- Supplied information:
__________________________________________________

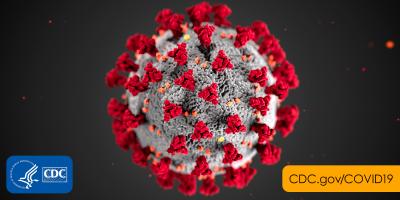 Coronavirus image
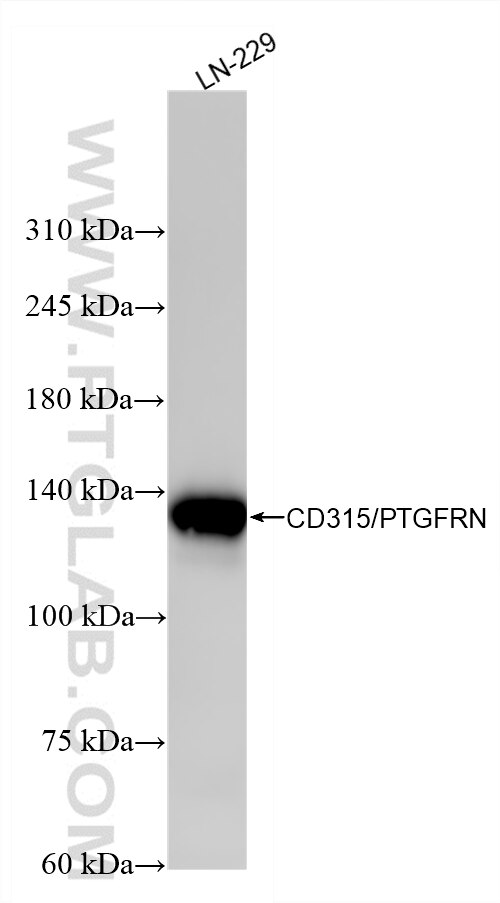 Western Blot (WB) analysis of LN-229 cells using CD315/PTGFRN Recombinant monoclonal antibody (87504-1-RR)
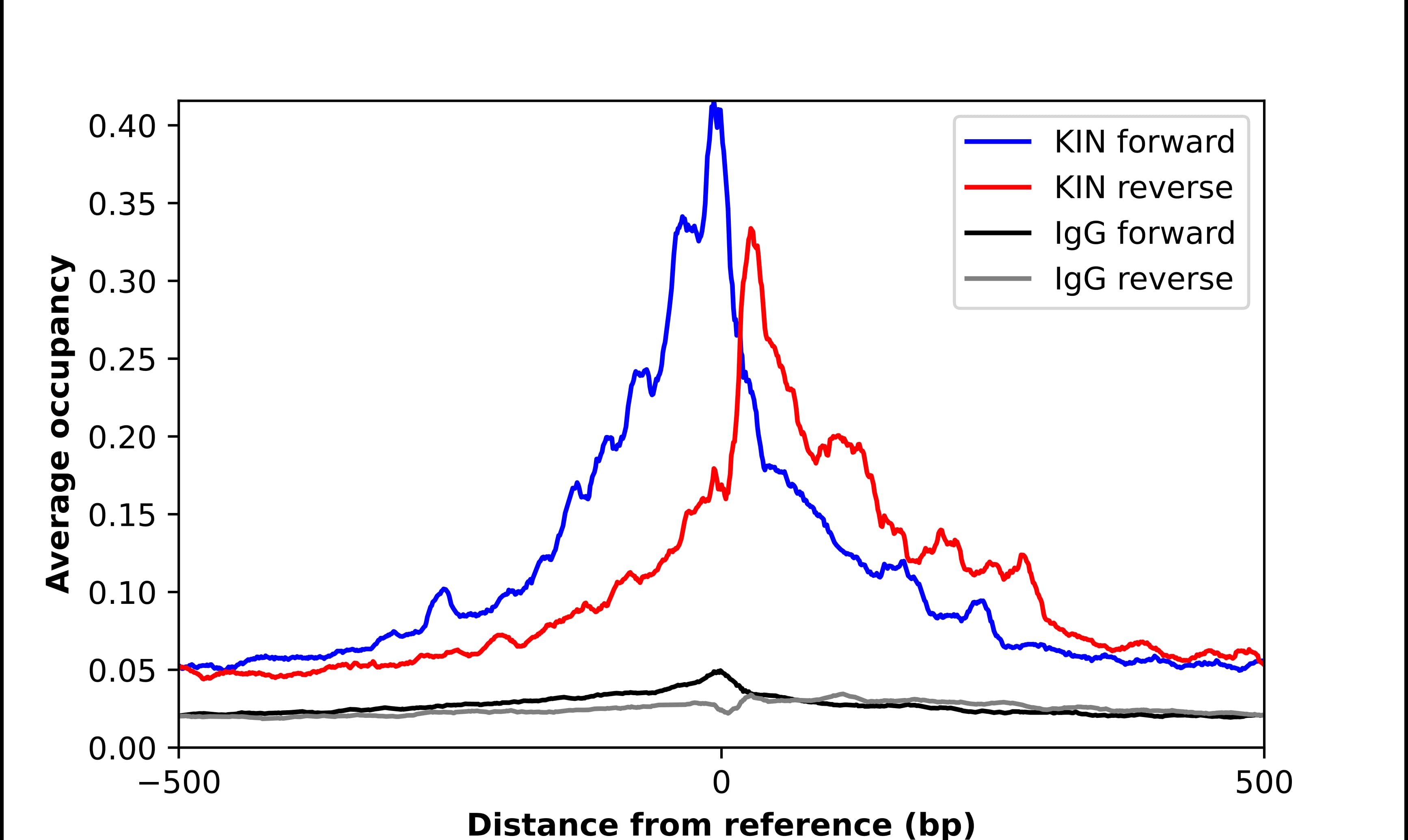 ChIP-Exo-Seq composite graph for Anti-KIN (NBP2-58750) tested in K562 cells. Strand-specific reads (blue: forward, red: reverse) and IgG controls (black: forward, grey: reverse) are plotted against the distance from a composite set of reference binding sites. The antibody exhibits robust target enrichment compared to a non-specific IgG control and precisely reveals its structural organization around the binding site. Data generated by Prof. B. F. Pugh´s Lab at Cornell University.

__________________________________________________

- Your instructions: Copy the data word for word and omit every picture.

- Result of this exercise:
 Coronavirus image
 Western Blot (WB) analysis of LN-229 cells using CD315/PTGFRN Recombinant monoclonal antibody (87504-1-RR)
 ChIP-Exo-Seq composite graph for Anti-KIN (NBP2-58750) tested in K562 cells. Strand-specific reads (blue: forward, red: reverse) and IgG controls (black: forward, grey: reverse) are plotted against the distance from a composite set of reference binding sites. The antibody exhibits robust target enrichment compared to a non-specific IgG control and precisely reveals its structural organization around the binding site. Data generated by Prof. B. F. Pugh´s Lab at Cornell University.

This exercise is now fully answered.